Согласно другому предпочтительному варианту осуществления набор для тестирования дополнительно включает частицу для мечения. Предпочтительно частица для мечения представляет собой ³²Р или дигоксингенин.

Настоящее изобретение также относится к способу лечения аутоиммунного заболевания. Это заболевание представляет собой одно из заболеваний, при котором по меньшей мере у некоторых пациентов в Vβ13.1-подгруппе Т-клеток обнаружены включающие мотив LGRAGLTY Т-клеточные рецепторы. У пациентов могут присутствовать другие типы Т-клеток и/или Vβ13.1-подгруппы Т-клеток, у которых отсутствуют Т-клеточные рецепторы, включающие мотив LGRAGLTY.

Способ лечения аутоиммунного заболевания предусматривает:

(а) получение клона МВР83-99 Vβ13.1-подгруппы Т-клеток из организма человека;

(б) выявление присутствия в Т-клетках нуклеиновой кислоты, кодирующей мотив LGRAGLTY, с помощью описанного выше способа; и если нуклеиновая кислота обнаружена,

(в) введение пептида Lue Gly Arg Ala Gly Leu Thr Tyr (SEQ ID NO: 3) человеку.
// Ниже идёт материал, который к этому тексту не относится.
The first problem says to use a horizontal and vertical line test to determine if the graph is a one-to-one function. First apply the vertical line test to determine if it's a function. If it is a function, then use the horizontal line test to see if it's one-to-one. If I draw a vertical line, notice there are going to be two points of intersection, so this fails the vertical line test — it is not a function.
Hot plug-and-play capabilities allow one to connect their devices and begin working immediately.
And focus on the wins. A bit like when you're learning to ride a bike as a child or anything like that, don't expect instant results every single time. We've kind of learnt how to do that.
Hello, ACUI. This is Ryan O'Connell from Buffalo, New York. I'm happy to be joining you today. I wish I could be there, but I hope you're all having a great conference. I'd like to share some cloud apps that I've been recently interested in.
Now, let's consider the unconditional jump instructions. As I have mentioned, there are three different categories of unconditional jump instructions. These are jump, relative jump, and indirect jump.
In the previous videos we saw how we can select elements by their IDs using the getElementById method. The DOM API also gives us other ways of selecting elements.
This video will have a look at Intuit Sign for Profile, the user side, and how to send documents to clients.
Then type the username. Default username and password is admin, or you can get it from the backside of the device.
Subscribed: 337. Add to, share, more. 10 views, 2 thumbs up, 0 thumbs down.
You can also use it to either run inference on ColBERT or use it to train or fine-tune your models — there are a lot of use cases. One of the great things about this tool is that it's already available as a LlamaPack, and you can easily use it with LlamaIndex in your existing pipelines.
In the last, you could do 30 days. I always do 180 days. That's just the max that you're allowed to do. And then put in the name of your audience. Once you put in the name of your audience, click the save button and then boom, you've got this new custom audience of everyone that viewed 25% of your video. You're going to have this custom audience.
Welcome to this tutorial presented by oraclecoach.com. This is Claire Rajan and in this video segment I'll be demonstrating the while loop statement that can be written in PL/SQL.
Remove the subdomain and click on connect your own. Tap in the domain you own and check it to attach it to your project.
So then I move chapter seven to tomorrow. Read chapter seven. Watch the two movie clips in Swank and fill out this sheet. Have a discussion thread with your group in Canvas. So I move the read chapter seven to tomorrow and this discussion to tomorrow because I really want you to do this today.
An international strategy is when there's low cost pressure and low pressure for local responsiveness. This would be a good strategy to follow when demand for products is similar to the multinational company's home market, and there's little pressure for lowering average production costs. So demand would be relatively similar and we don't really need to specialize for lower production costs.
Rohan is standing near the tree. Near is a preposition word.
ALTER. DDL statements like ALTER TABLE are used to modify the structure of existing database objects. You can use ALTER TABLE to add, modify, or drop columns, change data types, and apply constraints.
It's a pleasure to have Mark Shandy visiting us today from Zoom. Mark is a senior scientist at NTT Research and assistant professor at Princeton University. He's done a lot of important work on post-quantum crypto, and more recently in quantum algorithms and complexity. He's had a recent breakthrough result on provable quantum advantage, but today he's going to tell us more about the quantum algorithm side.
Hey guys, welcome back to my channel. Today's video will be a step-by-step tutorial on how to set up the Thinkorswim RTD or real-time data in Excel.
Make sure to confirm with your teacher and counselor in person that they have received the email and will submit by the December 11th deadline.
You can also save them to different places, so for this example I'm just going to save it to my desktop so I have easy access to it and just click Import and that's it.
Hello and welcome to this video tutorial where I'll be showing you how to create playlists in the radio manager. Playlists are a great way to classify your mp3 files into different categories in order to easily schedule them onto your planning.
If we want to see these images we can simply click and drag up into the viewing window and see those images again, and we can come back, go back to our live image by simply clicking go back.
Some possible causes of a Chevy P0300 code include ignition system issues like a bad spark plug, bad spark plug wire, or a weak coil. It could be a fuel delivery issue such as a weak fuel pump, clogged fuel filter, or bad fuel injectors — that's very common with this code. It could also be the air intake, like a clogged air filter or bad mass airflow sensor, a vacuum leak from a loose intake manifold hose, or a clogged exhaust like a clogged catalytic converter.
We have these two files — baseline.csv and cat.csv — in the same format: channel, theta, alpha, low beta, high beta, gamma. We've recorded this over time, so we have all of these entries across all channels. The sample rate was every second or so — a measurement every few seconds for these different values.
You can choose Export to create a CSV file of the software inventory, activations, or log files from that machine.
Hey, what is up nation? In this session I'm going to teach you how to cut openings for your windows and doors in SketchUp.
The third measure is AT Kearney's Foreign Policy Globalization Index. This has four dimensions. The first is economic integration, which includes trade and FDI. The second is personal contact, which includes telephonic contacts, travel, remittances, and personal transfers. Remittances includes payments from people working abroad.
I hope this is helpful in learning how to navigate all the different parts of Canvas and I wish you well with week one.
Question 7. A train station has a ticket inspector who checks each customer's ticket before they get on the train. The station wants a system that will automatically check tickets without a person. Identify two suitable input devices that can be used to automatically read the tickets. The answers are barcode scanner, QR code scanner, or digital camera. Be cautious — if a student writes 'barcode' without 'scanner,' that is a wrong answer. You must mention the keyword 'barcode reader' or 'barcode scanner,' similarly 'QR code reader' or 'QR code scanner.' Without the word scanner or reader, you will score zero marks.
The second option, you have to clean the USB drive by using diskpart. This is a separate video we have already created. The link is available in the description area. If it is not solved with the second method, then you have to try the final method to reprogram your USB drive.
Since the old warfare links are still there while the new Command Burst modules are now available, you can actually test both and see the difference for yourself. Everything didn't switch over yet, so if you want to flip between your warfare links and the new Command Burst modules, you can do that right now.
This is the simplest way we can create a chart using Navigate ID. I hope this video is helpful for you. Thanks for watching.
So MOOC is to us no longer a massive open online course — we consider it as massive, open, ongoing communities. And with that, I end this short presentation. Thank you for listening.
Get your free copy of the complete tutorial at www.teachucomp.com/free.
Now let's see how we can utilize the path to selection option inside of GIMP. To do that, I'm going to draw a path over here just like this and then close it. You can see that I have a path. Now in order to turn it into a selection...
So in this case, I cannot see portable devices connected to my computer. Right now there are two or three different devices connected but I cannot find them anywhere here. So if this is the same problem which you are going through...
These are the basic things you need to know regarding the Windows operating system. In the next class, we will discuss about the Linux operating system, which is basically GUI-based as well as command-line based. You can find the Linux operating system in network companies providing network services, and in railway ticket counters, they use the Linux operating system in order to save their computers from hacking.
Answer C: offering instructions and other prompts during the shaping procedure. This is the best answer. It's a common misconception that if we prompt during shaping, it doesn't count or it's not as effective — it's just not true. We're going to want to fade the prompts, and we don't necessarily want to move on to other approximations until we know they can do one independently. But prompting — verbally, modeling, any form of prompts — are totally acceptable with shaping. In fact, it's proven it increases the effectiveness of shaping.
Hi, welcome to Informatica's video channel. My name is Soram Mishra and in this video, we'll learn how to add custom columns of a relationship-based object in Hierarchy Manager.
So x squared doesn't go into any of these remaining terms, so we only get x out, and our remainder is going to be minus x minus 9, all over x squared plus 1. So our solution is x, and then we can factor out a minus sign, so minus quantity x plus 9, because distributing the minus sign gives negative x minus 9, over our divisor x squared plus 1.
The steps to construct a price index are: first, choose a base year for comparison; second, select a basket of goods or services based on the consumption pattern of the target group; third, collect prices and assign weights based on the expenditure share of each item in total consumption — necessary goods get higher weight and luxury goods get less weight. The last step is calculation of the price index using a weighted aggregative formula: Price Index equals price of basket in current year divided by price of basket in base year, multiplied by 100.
Аутоиммунное заболевание может представлять собой любое аутоиммунное заболевание, при котором Т-клеточные рецепторы, несущие мотив LGRAGLTY, обнаружены на Т-клетках подгруппы Vβ13.1. Аутоиммунные заболевания, подпадающие под объем настоящего изобретения, включают (но не ограничиваясь ими) ревматоидный артрит, миастению тяжелую паралитическую, рассеянный склероз, системную красную волчанку, аутоиммунный тиреоидит (тиреоидит Хашимото), болезнь Грейвса, воспалительное заболевание кишечника, аутоиммунный увеоритинит, полимиозит и определенные типы диабета. Предпочтительным аутоиммунным заболеванием является рассеянный склероз (MS).

Если нуклеиновая, кислота, кодирующая мотив LGRAGLTY, выявлена описанными выше способами, то аутоиммунное заболевание может лечиться введением пептида, включающего Lue Gly Arg Ala Gly Leu Thr Tyr (SEQ ID NO: 3). Пептид может быть введен индивидуально или в сочетании с маркерным пептидом Т-клеточной активации. Предпочтительно пептид вводят в сочетании с маркерным пептидом Т-клеточной активации, как описано у Zhang, заявка на патент US 60/099102, которая включена в настоящее описание в качестве ссылки. Введение пептида может привести к иммуногенной реакции, при которой у пациента должны вырабатываться антитела и Т-клеточные рецепторы, которые распознают и связываются с мотивом LGRAGLTY Т-клеточных рецепторов, обнаруженных на поверхности Vβ13.1-подгруппы Т-клеток.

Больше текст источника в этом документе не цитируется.